What needs to be done:
Give back the records in their entirety, exactly.

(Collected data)
----------
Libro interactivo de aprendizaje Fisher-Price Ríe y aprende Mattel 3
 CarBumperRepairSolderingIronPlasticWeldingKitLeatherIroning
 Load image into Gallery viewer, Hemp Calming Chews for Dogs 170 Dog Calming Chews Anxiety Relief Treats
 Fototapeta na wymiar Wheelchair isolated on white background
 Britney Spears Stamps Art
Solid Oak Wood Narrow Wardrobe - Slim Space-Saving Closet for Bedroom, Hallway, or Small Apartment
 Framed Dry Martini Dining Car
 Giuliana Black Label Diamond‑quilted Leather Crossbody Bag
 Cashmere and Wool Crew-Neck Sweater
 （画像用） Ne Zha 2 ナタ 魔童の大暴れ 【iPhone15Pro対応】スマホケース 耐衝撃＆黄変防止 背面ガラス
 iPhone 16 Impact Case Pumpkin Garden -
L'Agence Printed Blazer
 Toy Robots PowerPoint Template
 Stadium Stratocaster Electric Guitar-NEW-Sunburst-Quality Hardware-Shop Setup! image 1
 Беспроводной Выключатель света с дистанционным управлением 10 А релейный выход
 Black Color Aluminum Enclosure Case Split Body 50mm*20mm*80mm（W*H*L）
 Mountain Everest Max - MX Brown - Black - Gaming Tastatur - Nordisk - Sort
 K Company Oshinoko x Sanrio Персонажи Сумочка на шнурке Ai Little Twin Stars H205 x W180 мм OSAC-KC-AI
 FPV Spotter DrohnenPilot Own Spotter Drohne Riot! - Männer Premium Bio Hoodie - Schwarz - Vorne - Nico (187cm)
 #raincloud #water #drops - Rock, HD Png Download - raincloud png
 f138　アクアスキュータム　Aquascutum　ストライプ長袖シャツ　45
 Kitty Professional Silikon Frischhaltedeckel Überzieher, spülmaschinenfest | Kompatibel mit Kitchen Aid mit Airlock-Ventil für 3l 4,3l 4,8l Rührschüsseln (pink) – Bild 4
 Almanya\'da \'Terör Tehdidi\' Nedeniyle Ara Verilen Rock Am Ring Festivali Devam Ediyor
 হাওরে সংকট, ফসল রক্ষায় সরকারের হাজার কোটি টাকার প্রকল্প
----------
Answer to this exercise:
Libro interactivo de aprendizaje Fisher-Price Ríe y aprende Mattel 3
 CarBumperRepairSolderingIronPlasticWeldingKitLeatherIroning
 Load image into Gallery viewer, Hemp Calming Chews for Dogs 170 Dog Calming Chews Anxiety Relief Treats
 Fototapeta na wymiar Wheelchair isolated on white background
 Britney Spears Stamps Art
Solid Oak Wood Narrow Wardrobe - Slim Space-Saving Closet for Bedroom, Hallway, or Small Apartment
 Framed Dry Martini Dining Car
 Giuliana Black Label Diamond‑quilted Leather Crossbody Bag
 Cashmere and Wool Crew-Neck Sweater
 （画像用） Ne Zha 2 ナタ 魔童の大暴れ 【iPhone15Pro対応】スマホケース 耐衝撃＆黄変防止 背面ガラス
 iPhone 16 Impact Case Pumpkin Garden -
L'Agence Printed Blazer
 Toy Robots PowerPoint Template
 Stadium Stratocaster Electric Guitar-NEW-Sunburst-Quality Hardware-Shop Setup! image 1
 Беспроводной Выключатель света с дистанционным управлением 10 А релейный выход
 Black Color Aluminum Enclosure Case Split Body 50mm*20mm*80mm（W*H*L）
 Mountain Everest Max - MX Brown - Black - Gaming Tastatur - Nordisk - Sort
 K Company Oshinoko x Sanrio Персонажи Сумочка на шнурке Ai Little Twin Stars H205 x W180 мм OSAC-KC-AI
 FPV Spotter DrohnenPilot Own Spotter Drohne Riot! - Männer Premium Bio Hoodie - Schwarz - Vorne - Nico (187cm)
 #raincloud #water #drops - Rock, HD Png Download - raincloud png
 f138　アクアスキュータム　Aquascutum　ストライプ長袖シャツ　45
 Kitty Professional Silikon Frischhaltedeckel Überzieher, spülmaschinenfest | Kompatibel mit Kitchen Aid mit Airlock-Ventil für 3l 4,3l 4,8l Rührschüsseln (pink) – Bild 4
 Almanya\'da \'Terör Tehdidi\' Nedeniyle Ara Verilen Rock Am Ring Festivali Devam Ediyor
 হাওরে সংকট, ফসল রক্ষায় সরকারের হাজার কোটি টাকার প্রকল্প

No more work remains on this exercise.